Bladz. 11. Reg. 4 van onderen. Sint Olof had kort te voren de bewoners van Noorwegen tot het Christendom bekeerd; doch het was een bekeering met het zwaard, die de bekeerden niet vredelievender maakte.
Bladz. 13. Reg. 2 van onderen. Ofschoon Dirk V de eerste was, die den tijtel van Graaf van Holland voerde, is zeker de landstreek vroeger onder dien naam bekend geweest, en heb ik gemeend, dien duidelijks halve te mogen bezigen.
Bladz. 19. Reg. 22. Luitgaard, de vrouw van Aernout, was de dochter van Theophano, echtgenoote van den Griekschen Keizer Romanus den Jonge en zuster van Theophano, gemalin van Keizer Otto II, by wien Egbert, Aernouts broeder, Aartsbisschop van Trier en rijks-kancelier, in blakende gunst stond.

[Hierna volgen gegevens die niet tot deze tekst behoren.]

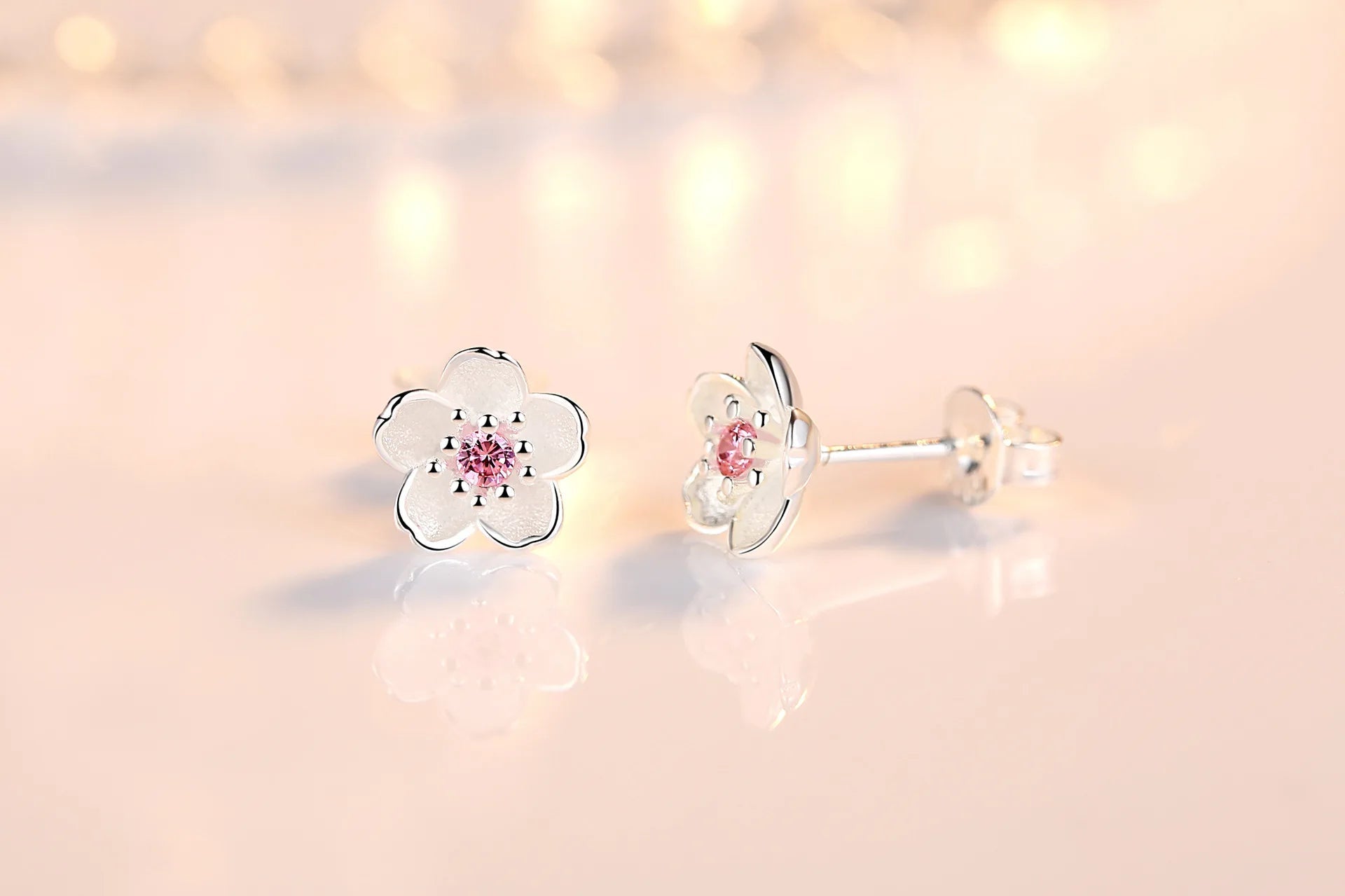 925 Sterling Silver Pink Purple Zircon Flower Small Stud Earrings For Women Wedding Elegant Luxury Jewelry Accessories Wholesale - PrimeNest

Bladz. 32. Reg. 11. Eerst op den jare 1083 vinden wy van een kastelein van Leyden, onder den naam van Halewijn gewach gemaakt. Uit dezen zijn, de geslachten van Wassenaar, Polanen, Duivenvoorde en vele andere voortgesproten. De stad Leyden bestond toen nog niet. Zelfs in den giftbrief van Graaf Dirk V aan de Abdy van Egmond vinden wy slechts van een dorp Leyden gewach gemaakt.
Aldaar. Reg. 12. De Lier was een klein riviertjen, by Vlaardingen in de Merwe uitloopende, en waarvan de nog tegenwoordig bestaande ambachts-heerlijkheid haar naam schijnt ontleend te hebben. Wy vinden dit water in den giftbrief van Keizer Otto III vermeld.
Bladz 34. Reg. 5. Wy vinden Noort vermeld onder de plaatsen, waarmede Keizer Arnulf de bezittingen van Graaf Gerolf vermeerderde.